Subirse a un árbol

    28 jun 2019 / 11:43 H.

    Los de mi generación idealizábamos, en nuestra juventud, la armonía entre las ideas, y nos ha costado lo nuestro asumir que existe el mal irremediable. A golpe de desencanto hemos aprendido que existe la maldad gratuita, afición favorita que practican aquellos que le ponen zancadillas a la Historia (con mayúscula) sin beneficiarse en nada de ello. Ya nos lo decía el ilustrado Voltaire: “Una de las mayores desgracias de las gentes honradas es que son cobardes”. Y este mundo, repleto de ideas globalizantes, parece que está hecho sólo y exclusivamente para los chacales valientes.

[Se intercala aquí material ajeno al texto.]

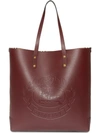 BURBERRY EMBOSSED CREST LEATHER TOTE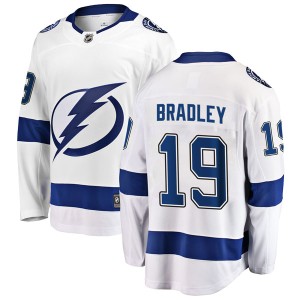 Youth Tampa Bay Lightning Brian Bradley Fanatics Branded Breakaway Away Jersey - White
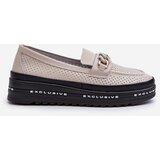 S. BARSKI Women's Leather Platform Loafers with Chain Detail S.Barski | shoptok.hr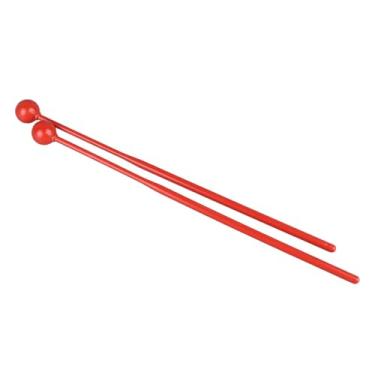 Imagem de Domary Conjunto de Baquetas de Plástico para Exercícios, Baquetas para Treinamento de Bateria Infantil (Vermelho)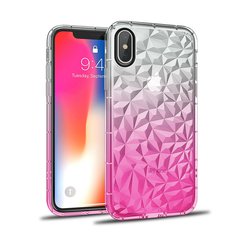 Pouzdro Back Crystal Jelly pro Apple iPhone X/ iPhone XS Pink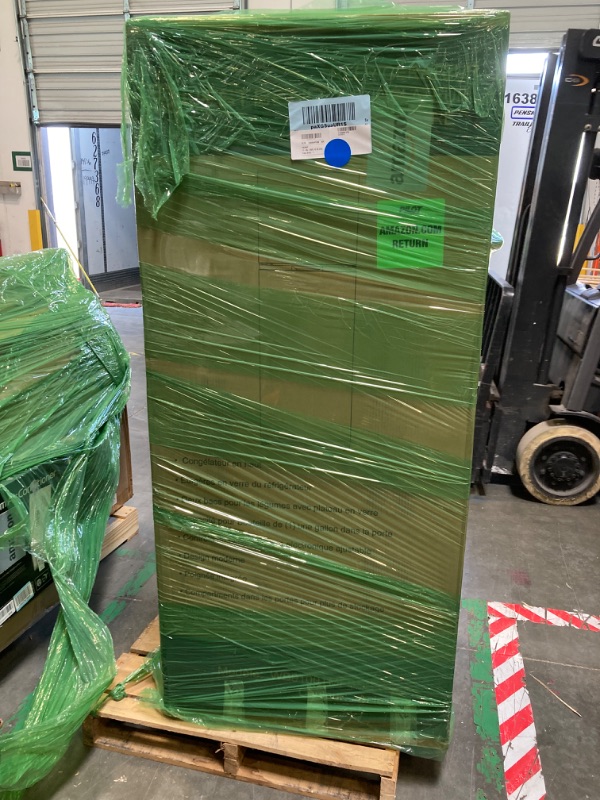 Photo 1 of **FACTORY SEEALED**West Bend Apartment Refrigerator Freestanding Dual Door Design Fridge with Top Freezer, Adjustable Electronic Control and Frost Free Defrost, for Condo, House, Small Kitchen Use, 10.1 Cu.Ft, Metallic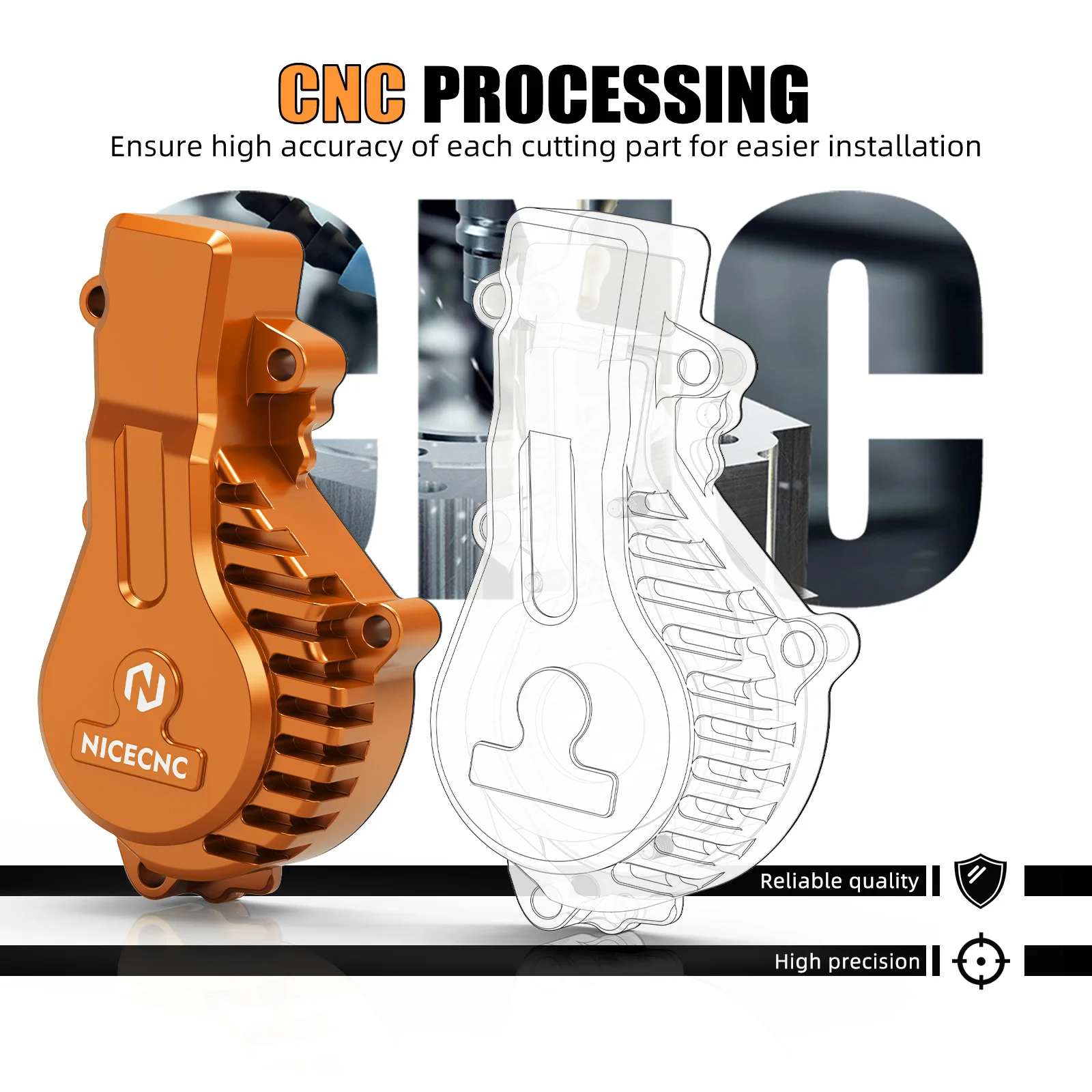 Finned Water Pump Cover for KTM 690 Enduro R 690 SMC R Husqvarna 701 Supermoto 701 Enduro GasGas 700 ES 700 SM SMC 690 Duke view 6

    Pero es el mismo Voltaire quien nos da la solución: “Entre lobos, conviene aullar de vez en cuando”, posiblemente porque la Historia (con mayúscula) nos haya perpetuado un modelo de persona honrada pero necesariamente cobarde, inspirado en el empeño que los creadores de todas las globalizaciones posibles han puesto para que nos creamos que sólo nos hacemos merecedores de la diaria ración de progreso y bienestar, exclusivamente desde el silencio de los corderos. El “come y calla” con el que pretendieron vanamente amamantar a toda una generación, que sigue creyendo en la armonía y la transparencia de las ideas como el mejor antídoto frente a todos los que desde la maldad gratuita le siguen poniendo zancadillas a la Historia y, sobre todo, a los pobres corderos que nos atrevemos a aullar.

    Alguna vez, a modo de ejercicio contra el conformismo “cobarde y buenista”, sería saludable que cuando nos sintiéramos hundidos e ignorados, nos subiéramos a un árbol y gritáramos desde arriba que no nos queremos bajar. Comprobaríamos que todos cuantos nos hunden y nos ignoran tratarían de convencernos para que nos bajáramos “por nuestro bien” y volviéramos a la soledad del hundimiento que marca el sistema.

    Es como si quisieran devolvernos al modelo básico medieval de las relaciones interhumanas: un señor que prefiere la libertad a la vida frente a un siervo que prefiere la vida a la libertad. La superioridad del señor sobre el siervo es esencial en este modelo de vasallaje. Miguel de Cervantes nos propone otro modelo: la complementaria oposición entre la conducta según la inteligencia y el ideal, de don Quijote, y la conducta según los sentidos y la realidad, de Sancho Panza.

    Pero uno de los peores males que puede envenenar las entretelas del ser humano es el “espíritu del yogur”, que te hace sentir un día que ya estás caducado y asumes que envejecer dignamente es un arte que se exhibe sin pudor ante los que te quieren bien y, sin embargo, te apuñalan en sus sueños. Que de todo hay en el navajeo del subconsciente

    Las personas, como las ciudades, somos lo que buscamos en ellas. Y llegado el caso podemos perdernos en un anhelo o en un estrechón de manos, en un deseo hecho acera o en una querencia hecha esquina. Pero la mayoría de las veces son las ciudades las que acaban perdiéndose en la complicada geografía que delimita nuestras frustraciones. En el fondo, en nuestras ciudades lo que buscamos siempre es un aparcamiento y, a ser posible, no pisar las cacas del perro de nuestro vecino, que sabe como nadie cagarse en el lugar y a la hora precisa que pasamos en busca del urgente eclipse total de nuestras almas.

    Al fin y al cabo, las ciudades y el amor son como los relojes, que cuanto más sencillos, mejor funcionan, pese a que la mayoría de las veces nadie sepa dónde y a qué hora dejamos, mucho antes de que caducáramos, la trenca en cuyos bolsillos olvidamos las manos que un día acariciaron la desnudez de nuestros sueños imposibles, cuando nadie le ponía precio a los labios en los que abandonamos, como unos zapatos viejos, nuestros besos primeros. Los que nos hemos hecho mayores robándole las esquinas a las canciones de Sabina sabemos que nuestros corazones de gentes decentes y respetables conservan la rebeldía inefable del garrafón en vaso de plástico. Y ese, y no otro, es el verdadero impulso que esconden nuestras ciudades en los árboles a los que poder subirnos algún día como purga de nuestras cobardías.